HOW TO COMPLETE THIS TASK:
When writing out the entries below, keep only the lines from the line with "STEELEN COLOR Μεταλλική" to the line with "[보들보들/따뜻] 성조기 반집업 폴리스 맨투맨", both included, exactly as they are, and leave the pictures aside.

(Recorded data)

═══

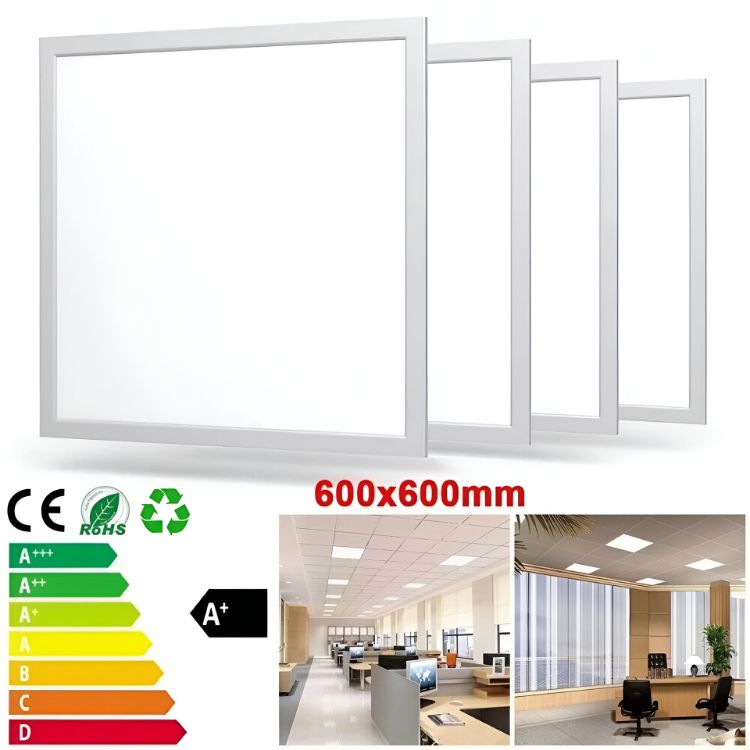 Picture of 4-Pack 48W LED Panel Light 600x600mm, Cool White 6500K - High-Efficiency Illumination for Commercial and Residential Spaces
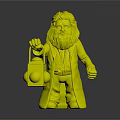 Bearded Male Character In Brown Coat Holding Lantern With Small Fox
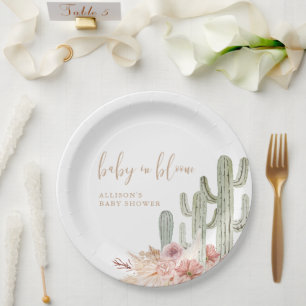 Assiettes En Carton Baby shower du désert de boho cactus d'aquarelle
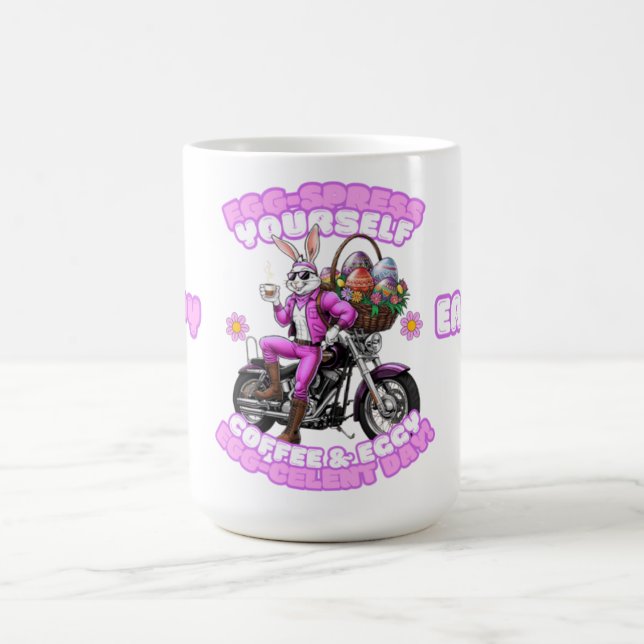 Mug Boug de moto de lapin de Pâques - Eggspress Yself (Centre)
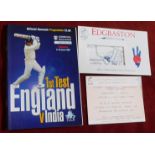 1st Test England v India 60 10 June 1996 programme with match ticket inside, and signed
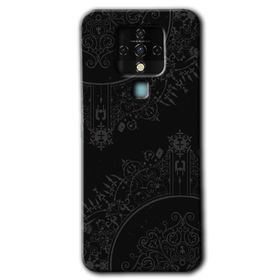 Tecno Camon 16 Siyah Mandala Baskılı Uyumlu Silikon Kılıf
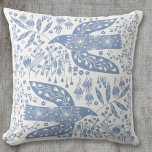 Dove Bird Blue Cushion<br><div class="desc">Dusty blue and white folk art doves for peace and hope. Original art by Nic Squirrell.</div>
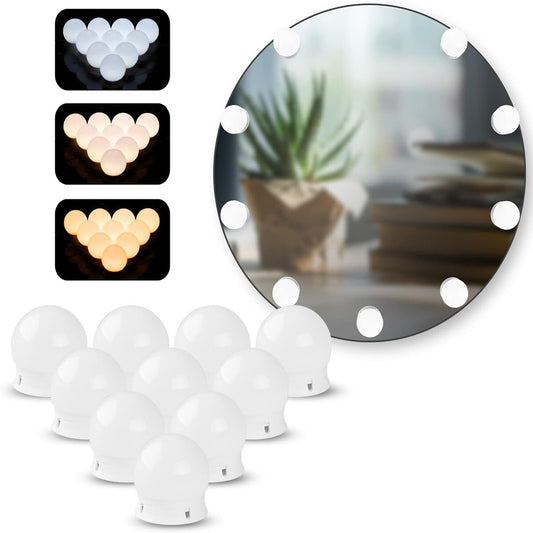 LUMIÈRES DE MIROIR DE MAQUILLAGE STYLE HOLLYWOOD KIT 10 AMPOULES LED DIMMABLES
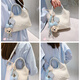 
toutou2025 summer new puppy vegetable basket tote bag versatile commuter crossbody bag large capacity handbag cream white - standard long shoulder strap for crossbody spot stock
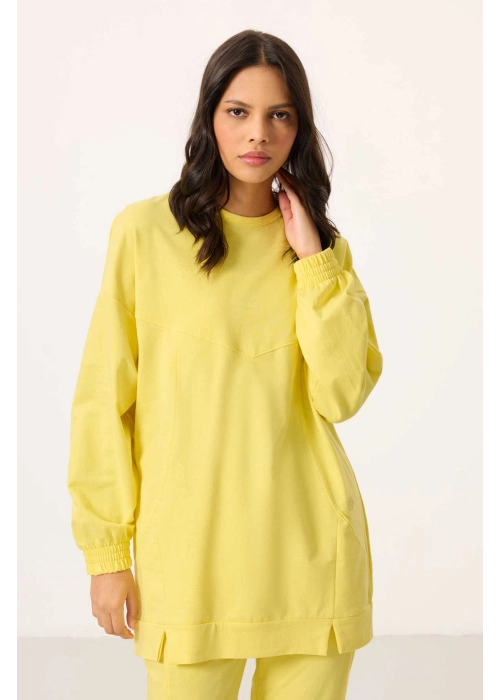 O Yaka Basic Oversize Kadın Limon Eşofman Tunik Takım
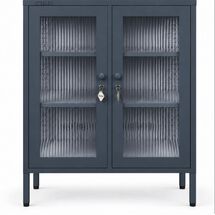 STEELEN COLOR Μεταλλική Ντουλάπα 80x40x90cm Πάχους 0.8mm Εσωτερικού Χώρου Βιτρίνα με Τζάμι και Πόδια Slate Grey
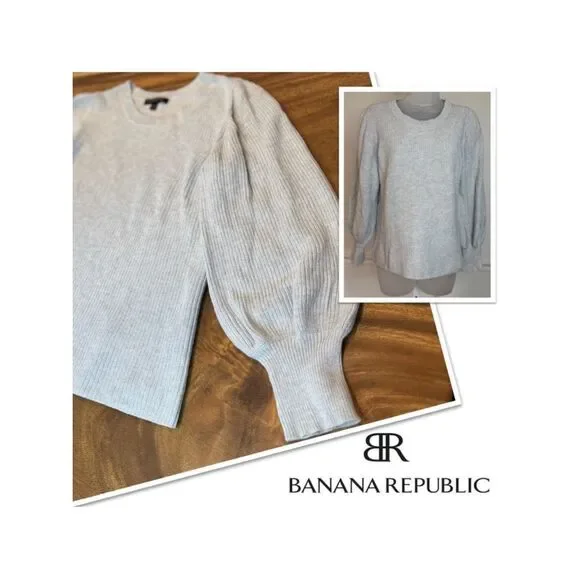 BANANA REPUBLIC Gray Knit Balloon Sleeve Sweater, Size Small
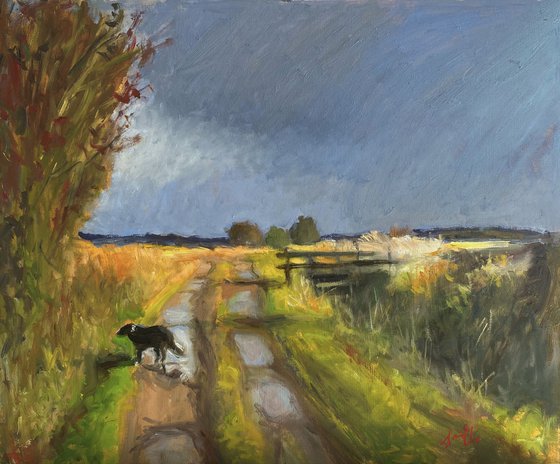 Impressionist English countryside with dog landscape.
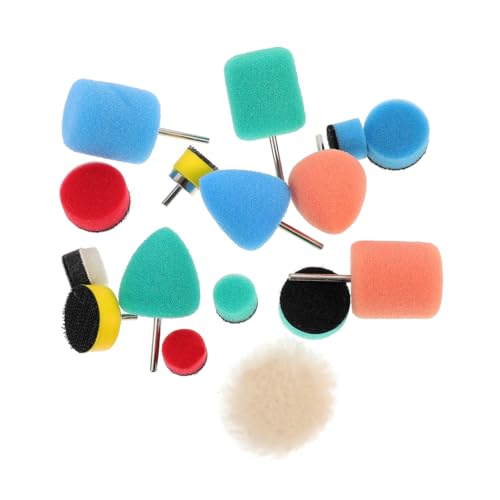ELAYARD 16 piezas Kit de Esponjas Pulidoras para Coche Almohadillas de Pulido Reutilizables para Máquina Eléctrica y Neumática Accesorio Profesional para Quitar Arañazos y Pulir Faros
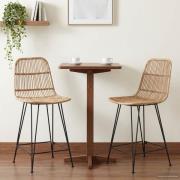 vidaXL Barpall 2 pcs Naturlig 44 x 54 x 96 cm Rattan och Stål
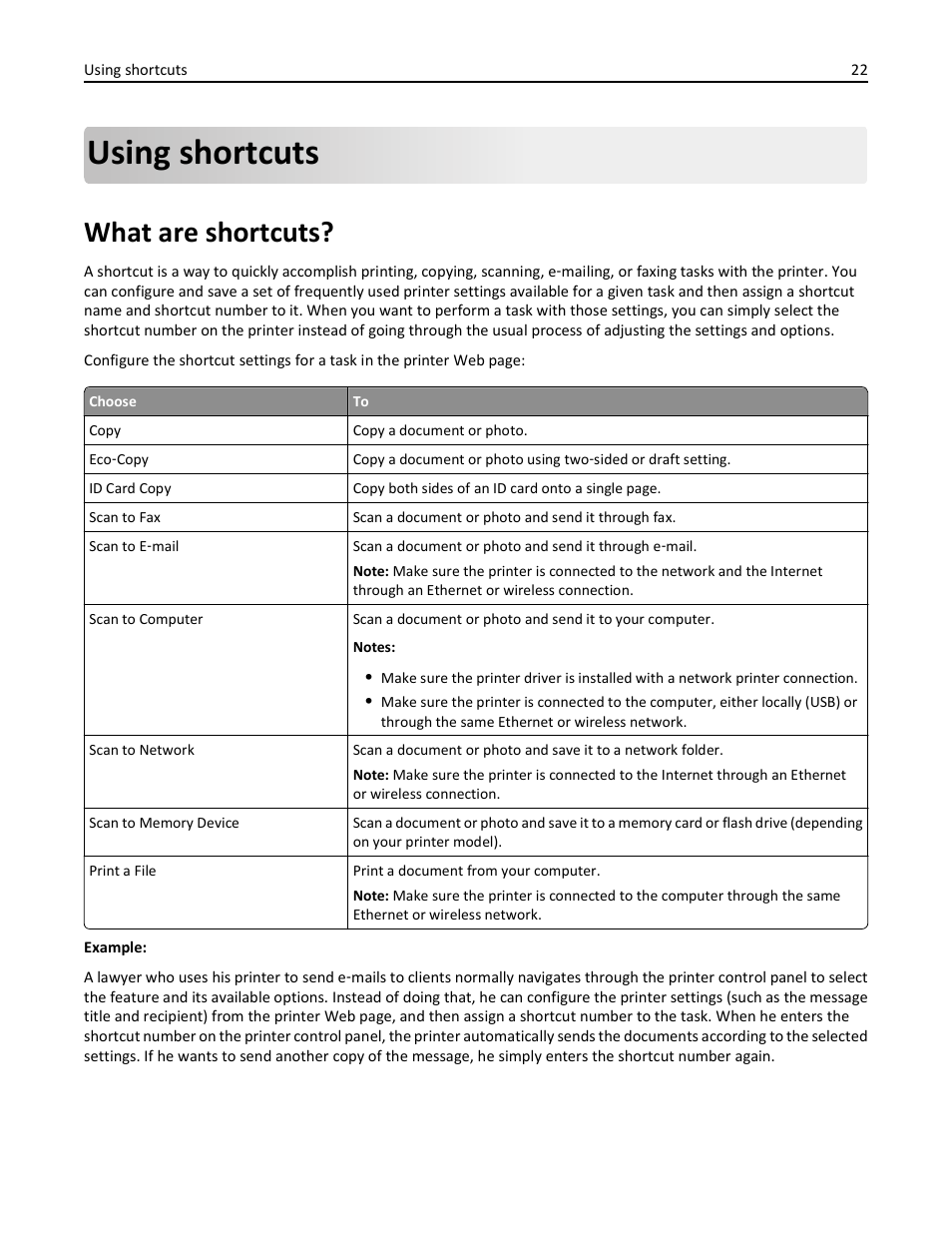 Using shortcuts, What are shortcuts | Lexmark S510 User Manual | Page 22 / 189
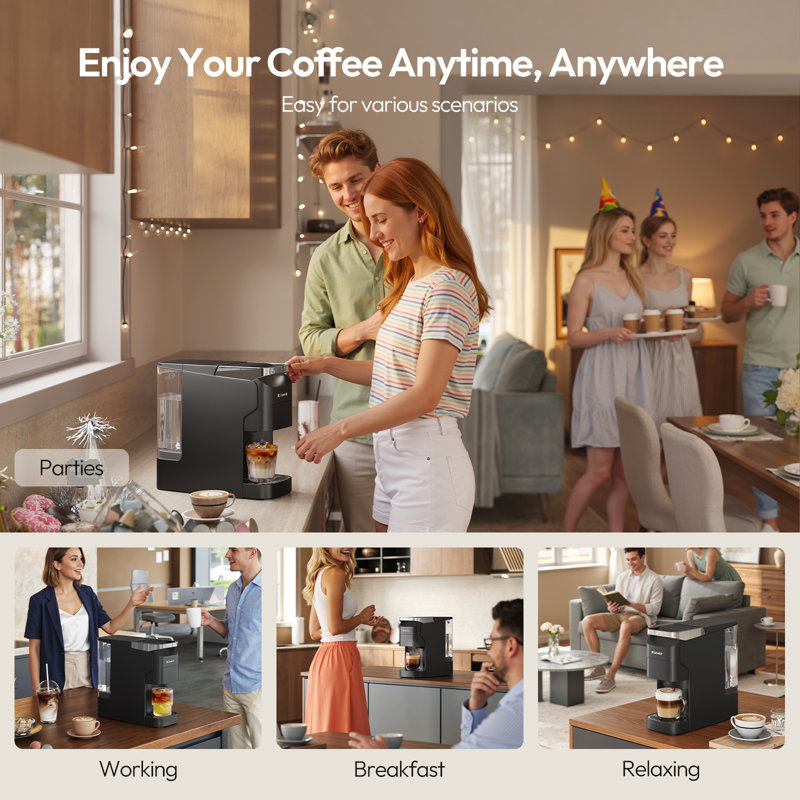 3 In 1 Multi Capsule Coffee Machine, 20 Bar Espresso Maker With 40s Fast Heat Up, Compatible With Nespresso/dolce Gusto Pods/ground Coffee/ese Pods, Self-cleaning, 920ml Water Tank For Home Office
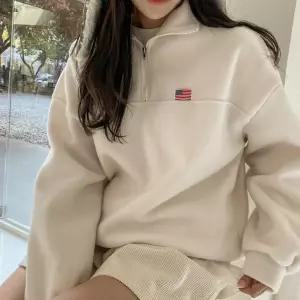 [보들보들/따뜻] 성조기 반집업 폴리스 맨투맨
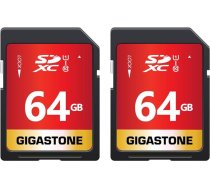 Gigastone 64GB SDXC atmiņas karte 2 Pack Primary Series Pārsūtīšanas ātrums līdz 80MB/s fotogrāfijām, video, mūzikai, failiem, videokamerai, fotoaparātam, datoram, 10. klases U1 UHS-I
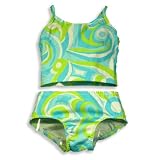 Girlfriends by Anita G. - Girls 2 Piece Tankini Swimsuit, Blue, Lime, White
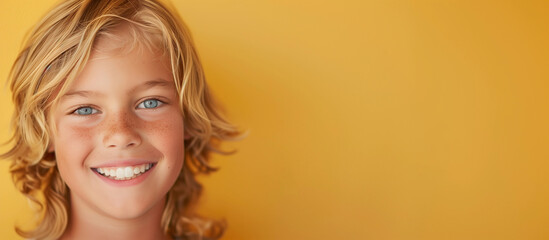 Wall Mural - One happy 10 yr old surfer boy Australian kid long beach blonde mullet hair blue eyes caucasian positive smile bright happiness portrait isolated oral dental health child yellow background copy space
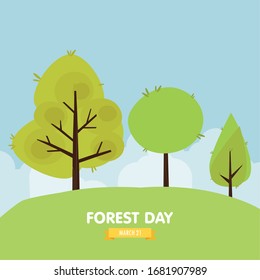 Día Internacional de los Bosques con árboles - Vector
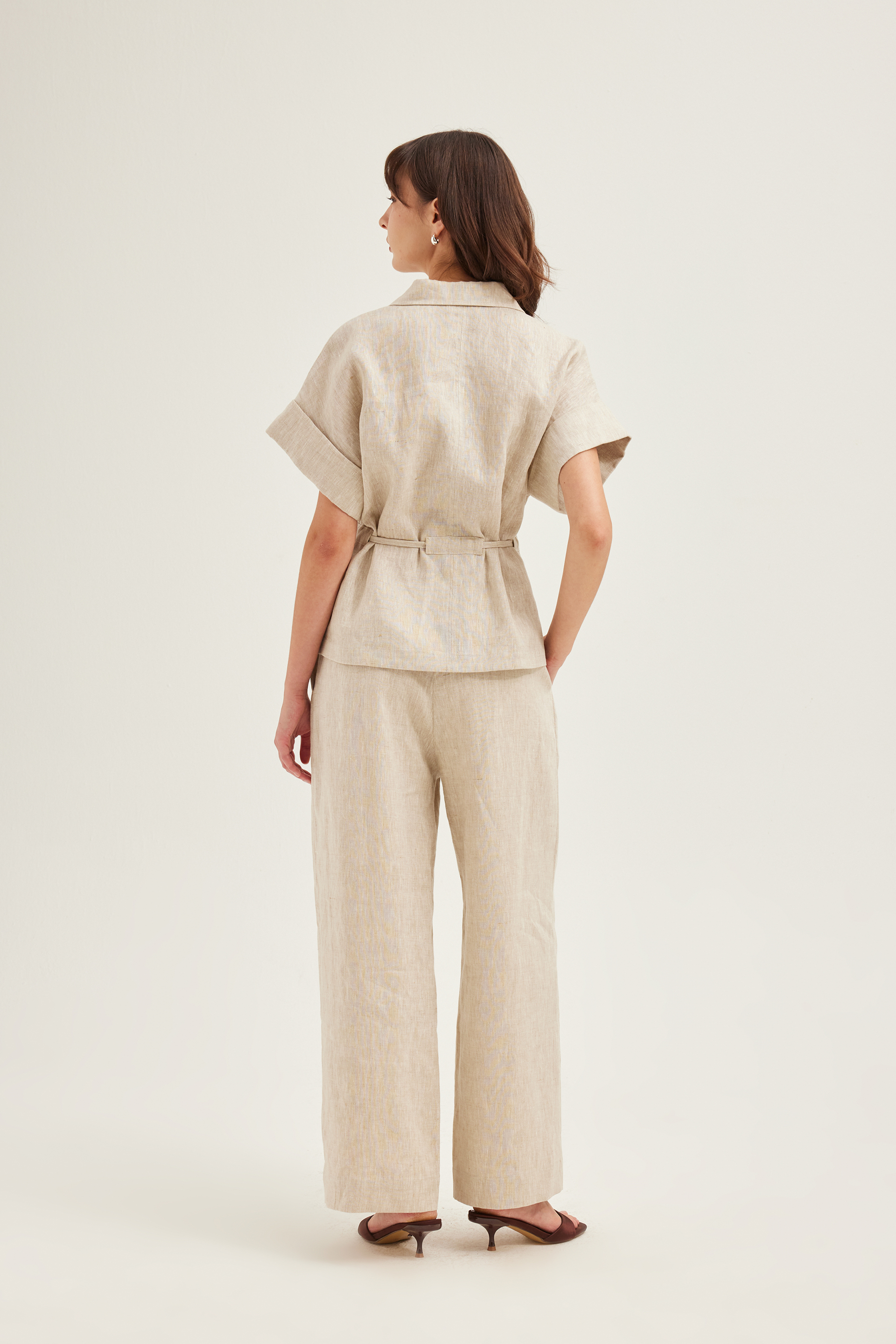 Relaxed Linen Peplum Shirt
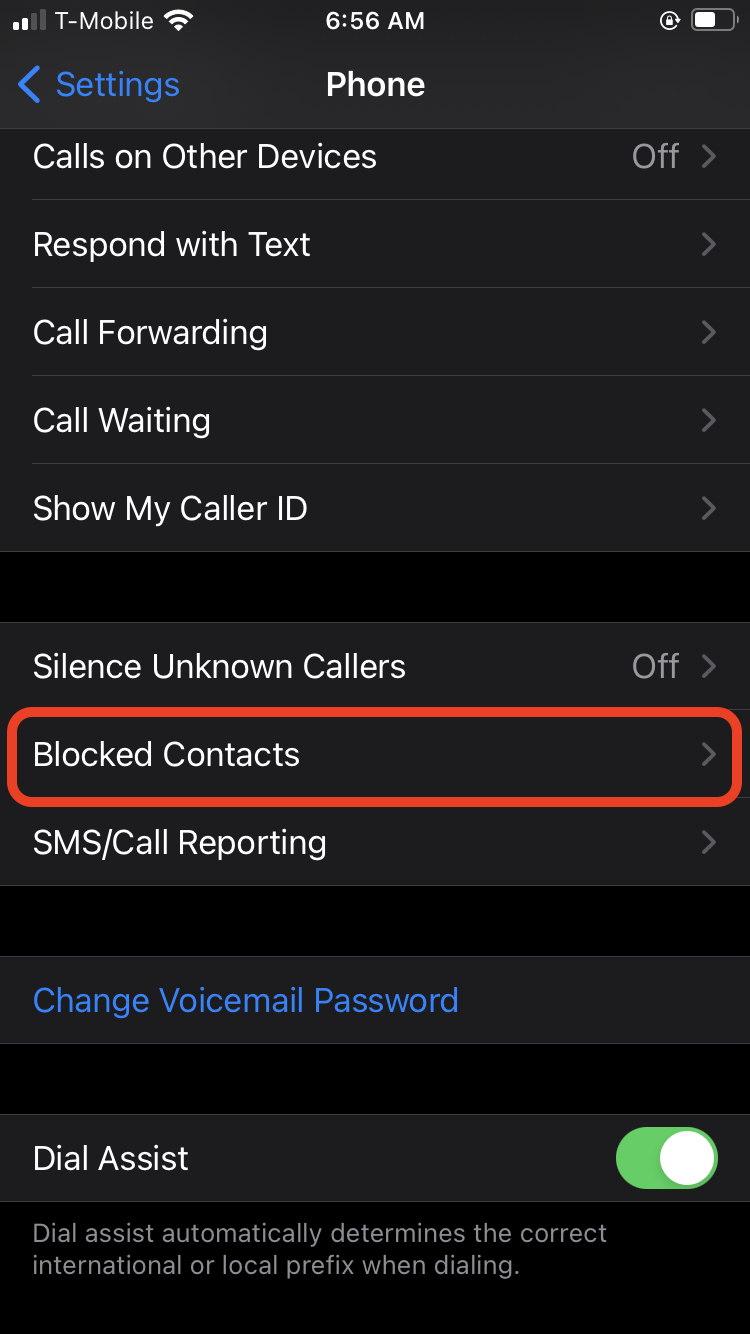 Unblock iPhone caller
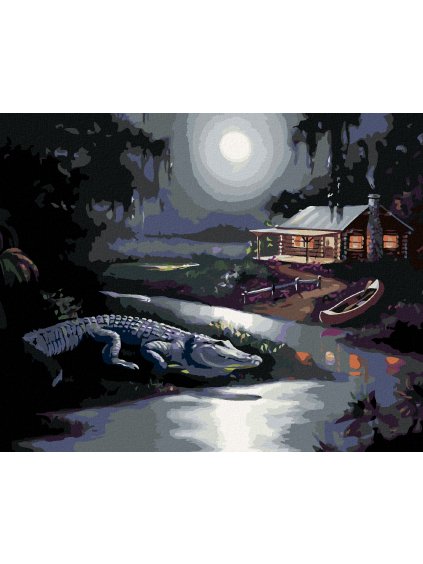 Haft diamentowy - ALIGATOR NA BRZEGU I CHATKA POD KSIĘŻYCEM W PEŁNI (D. RUSTY RUST)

═══

SOLUTION TO THE EXERCISE:
 STEELEN COLOR Μεταλλική Ντουλάπα 80x40x90cm Πάχους 0.8mm Εσωτερικού Χώρου Βιτρίνα με Τζάμι και Πόδια Slate Grey
 BANANA REPUBLIC Gray Knit Balloon Sleeve Sweater, Size Small
 Impressionist English countryside with dog landscape.
ELAYARD 16 piezas Kit de Esponjas Pulidoras para Coche Almohadillas de Pulido Reutilizables para Máquina Eléctrica y Neumática Accesorio Profesional para Quitar Arañazos y Pulir Faros
 vidaXL Barpall 2 pcs Naturlig 44 x 54 x 96 cm Rattan och Stål
 Using shortcuts, What are shortcuts | Lexmark S510 User Manual | Page 22 / 189
 3 In 1 Multi Capsule Coffee Machine, 20 Bar Espresso Maker With 40s Fast Heat Up, Compatible With Nespresso/dolce Gusto Pods/ground Coffee/ese Pods, Self-cleaning, 920ml Water Tank For Home Office
 [보들보들/따뜻] 성조기 반집업 폴리스 맨투맨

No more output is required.